*REQUIREMENT:* Transcribe the lines below exactly, beginning with the line that holds "BRIDGEDALE - technologie (EN)" and ending with the final line, both included. Pictures are to be left out.

*RECORD EXCERPTS:*
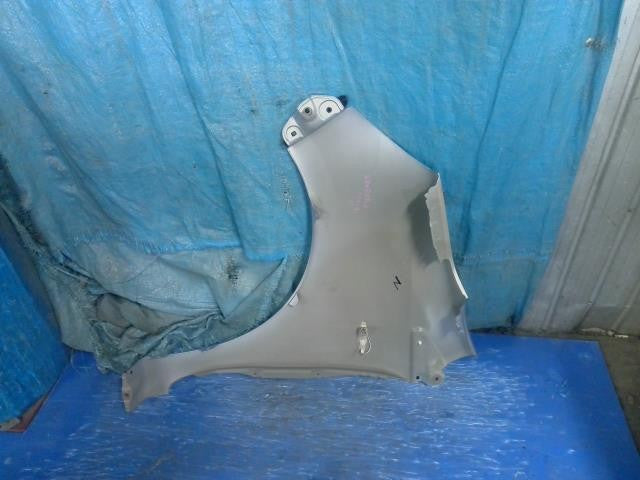 [FENDER LH]DAIHATSU MIRA L275S   #0BD3253173169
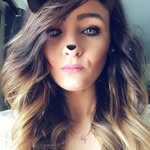 Casey Dawson - @caseyd.88 - Instagram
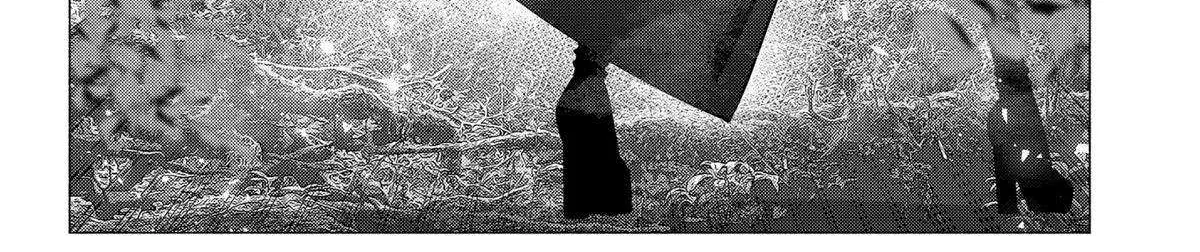 Read 2.5D Seduction chapter 135 image 12 on Lezhin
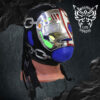 ﻿MSPCBNTC01 - Imagen 2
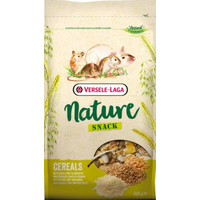 Корм для грызунов Versele Laga Nature Snack Cereals 500 г в Гомеле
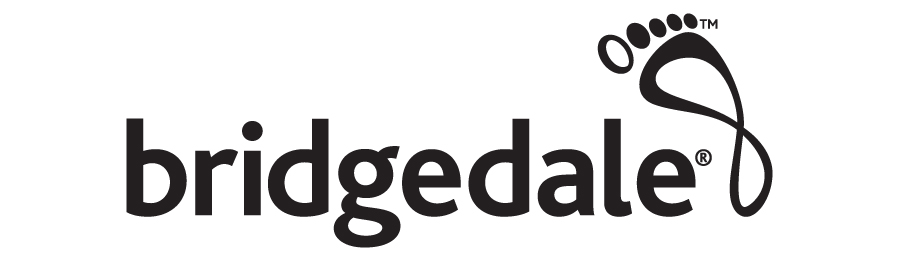 BRIDGEDALE - technologie (EN)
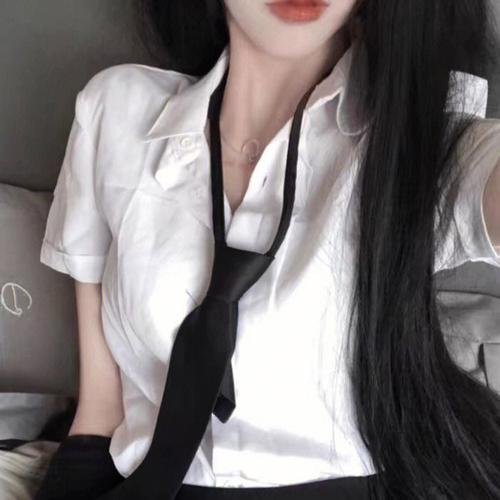 闪婚学区房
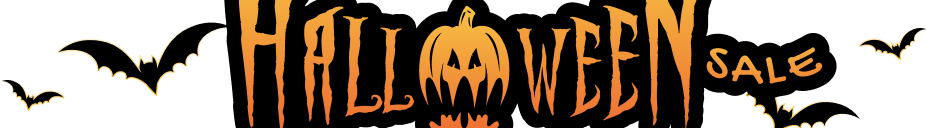 Understanding HDR and Tone Mapping(2)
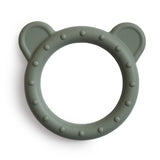 Animal Teether Ring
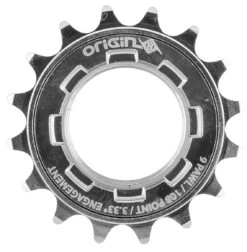 ORGIN8 HORNET 108 FREEWHEEL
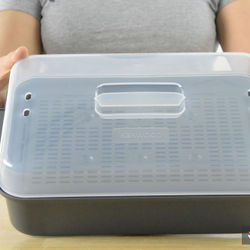 Kenwood kCook Multi Smart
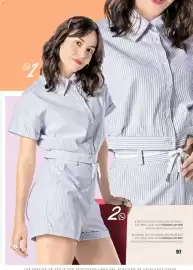 Catálogo SC Pakar Página 97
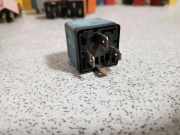 Relais BMW 3er Touring (E36) 0332014454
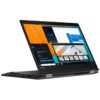 Lenovo ThinkPad Yoga X13 Gen1 i5-10310U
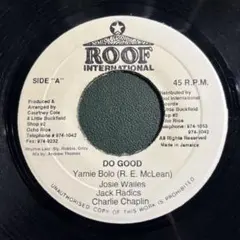 2026年最新】90年代レゲエの人気アイテム - メルカリ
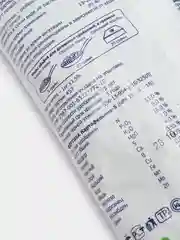 Удобрение для картофеля Картофельное-5, минеральное удобрение, 1 кг, Фертика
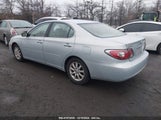 LEXUS ES 330 JTHBA30G245039183 снимка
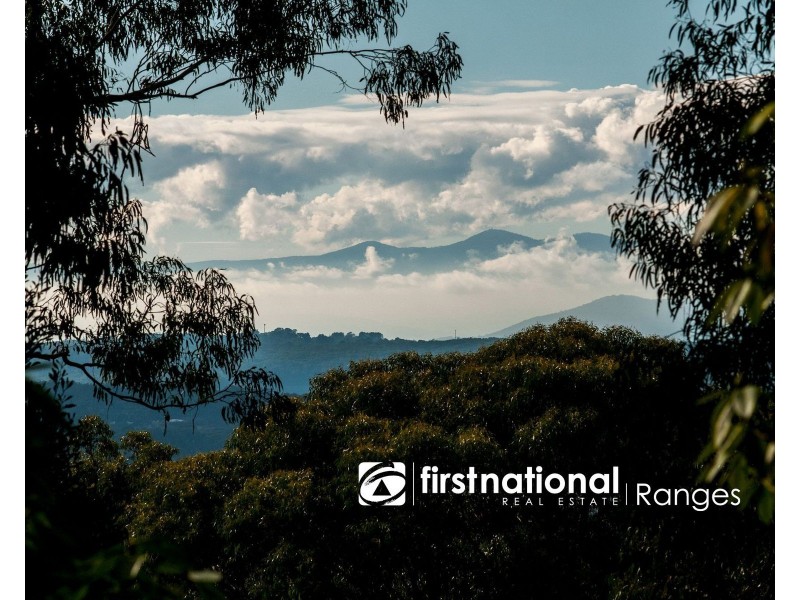 69 Grantulla Road, The Patch VIC 3792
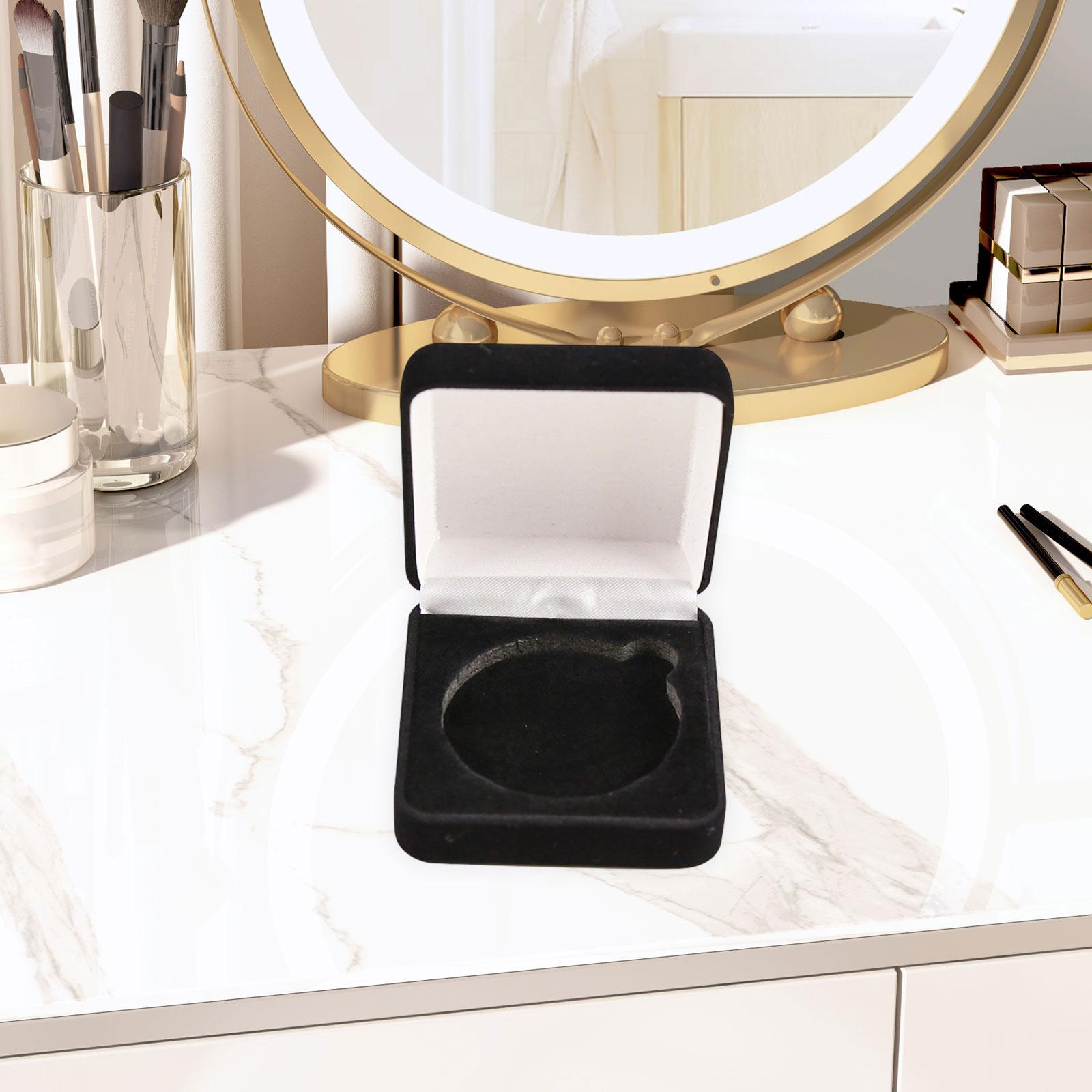 Commemorative Coin Holder Dust - огляд і ціна Collectors Coins Jewelry & Watches Of Smithtown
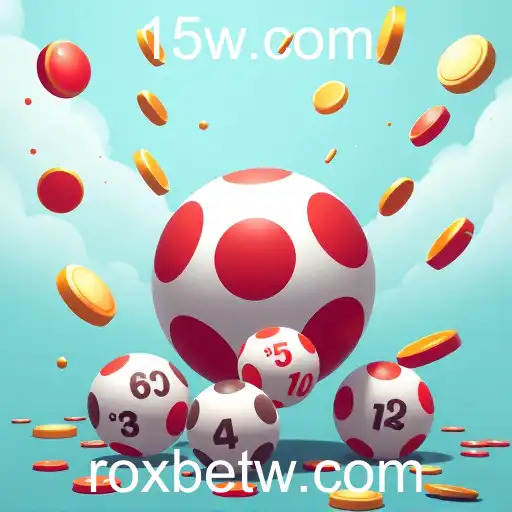 Jogos de Loteria: Uma Visão Abrangente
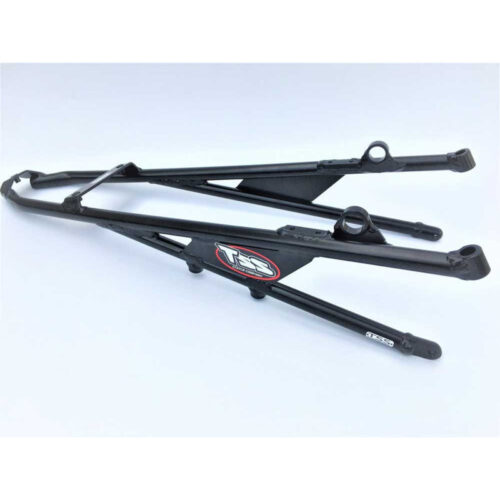 BOUCLE ARRIER HONDA CBR1000 RR-R 2020/*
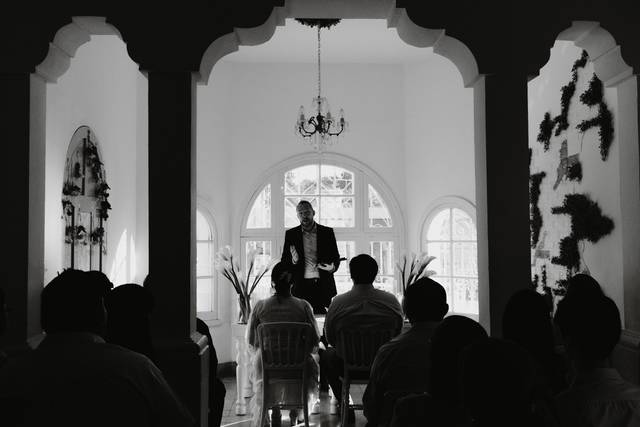 Sofía Tinoco Fotografía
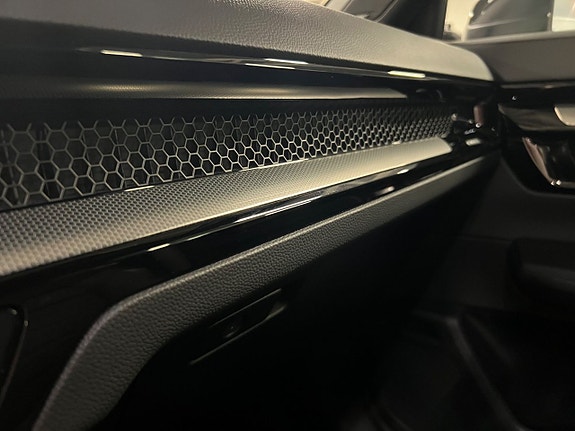 Honda CR-V 16 of 21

*EXERCISE RESPONSE:*
 BRIDGEDALE - technologie (EN)
 闪婚学区房
 Understanding HDR and Tone Mapping(2)
 Animal Teether Ring
 ORGIN8 HORNET 108 FREEWHEEL
 Kenwood kCook Multi Smart
 Catálogo SC Pakar Página 97
 Relais BMW 3er Touring (E36) 0332014454
 Lenovo ThinkPad Yoga X13 Gen1 i5-10310U
 2026年最新】90年代レゲエの人気アイテム - メルカリ
 Удобрение для картофеля Картофельное-5, минеральное удобрение, 1 кг, Фертика
 LEXUS ES 330 JTHBA30G245039183 снимка
 69 Grantulla Road, The Patch VIC 3792
 Commemorative Coin Holder Dust - огляд і ціна Collectors Coins Jewelry & Watches Of Smithtown
 Jogos de Loteria: Uma Visão Abrangente
 BOUCLE ARRIER HONDA CBR1000 RR-R 2020/*
 Sofía Tinoco Fotografía
 Honda CR-V 16 of 21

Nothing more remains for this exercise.